I recently wrote a piece on the apparent lack of CIOs and similar IT professionals at board level of many companies. It followed a thought-provoking article in The Times newspaper that suggested just four specialist technology professionals had made it into the boardrooms of FTSE 100 companies.
While the analysis, carried out by Calastone, acknowledged the key roles played by CIOs in advisory roles and in sub-board level management committees it is a rather disappointing that CIOs don’t seem to be joining other C-suite talent at the actual boardroom table.
Based on my annual canvassing of CIO and IT Project Management friends, colleagues and acquaintances on what they think their challenges will be for the year ahead and what industry trends they expect to face together with the recently published Society for Information Management (SIM) 2017 trends analysis, I think 2017 will be a game changer.

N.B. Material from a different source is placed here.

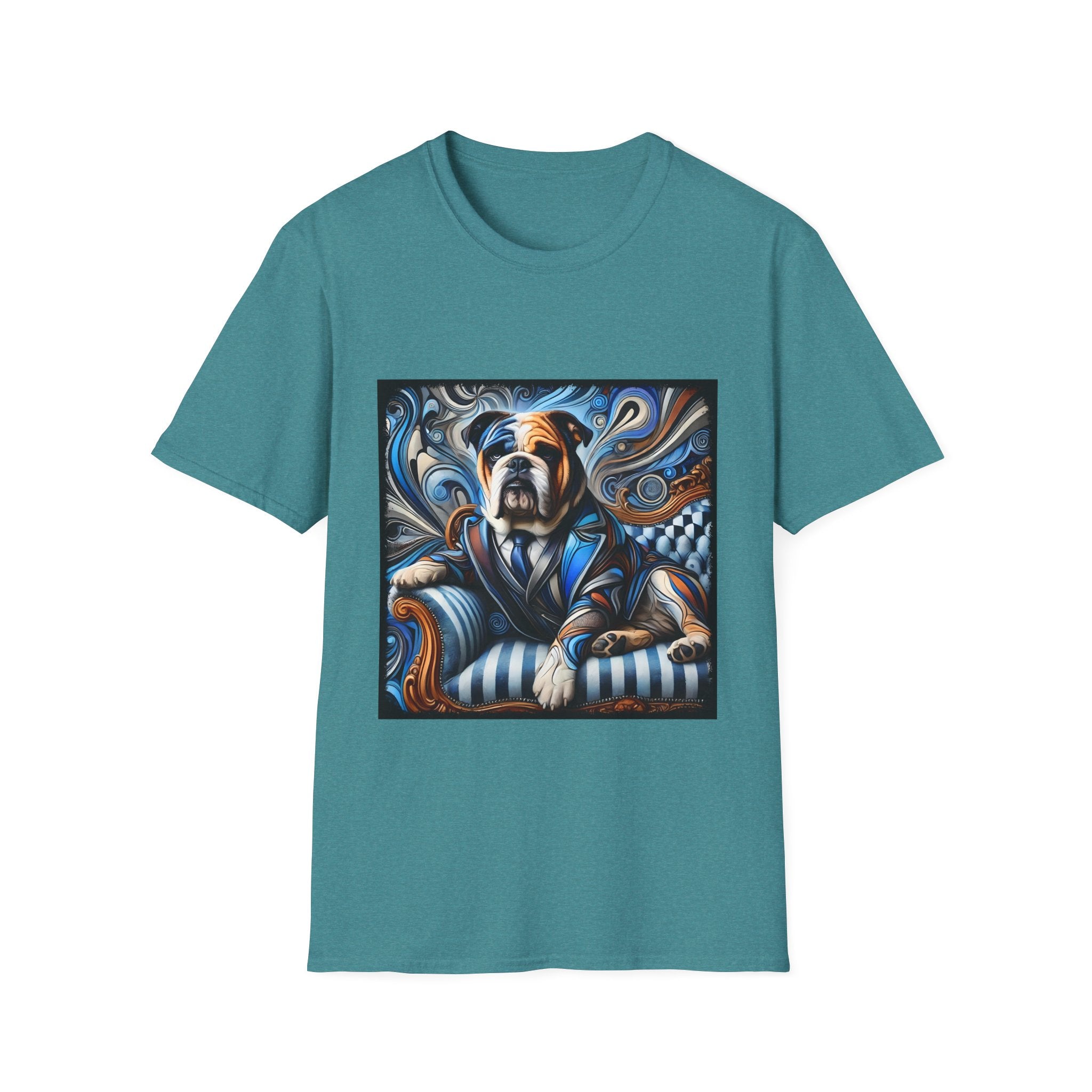 Bulldog Blue Swirl | Unisex Dog T-Shirt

So what challenges have been identified for 2017 and how might they be turned into great opportunities?
1 – Alignment of Business / IT
It will come as no surprise that in 2017 business trends and IT trends are expected to become more closely aligned. Business alignment has been a priority for most this decade. In this year’s SIM poll it was listed as the top priority for 41.7% IT leaders.
CIOs are increasingly operating in a strategic way and this is being acknowledged by the board with almost half (46.3%) now reporting directly to the CEO. I believe that 2017 will be the year that more CIOs will find themselves being invited to pull up a permanent seat at the boardroom table.
Business reliance on IT is only going one way. I once wrote that IT will shift from “supporting the business” to “being the business” and for many companies, I believe that the time has arrived or will do so in 2017 giving CIOs a huge opportunity for advancement. With this great opportunity comes a great responsibility too. It is time for CIOs to start playing a greater role in setting the business innovation agenda, companies, where CIOs are doing this, are enjoying the benefits of market disruptive innovation and gaining a real commercial advantage over their competitors.
2 – Security
Over a third of IT leaders (36%) polled by SIM ranked security as their top concern – it ranks even higher in my less scientific survey. Amazing to consider that less than half a decade ago, security struggled to make the top ten concerns of IT leaders but it is now a major anxiety. Crucially, it is one shared by many CEOs fuelled by widely reported security breaches.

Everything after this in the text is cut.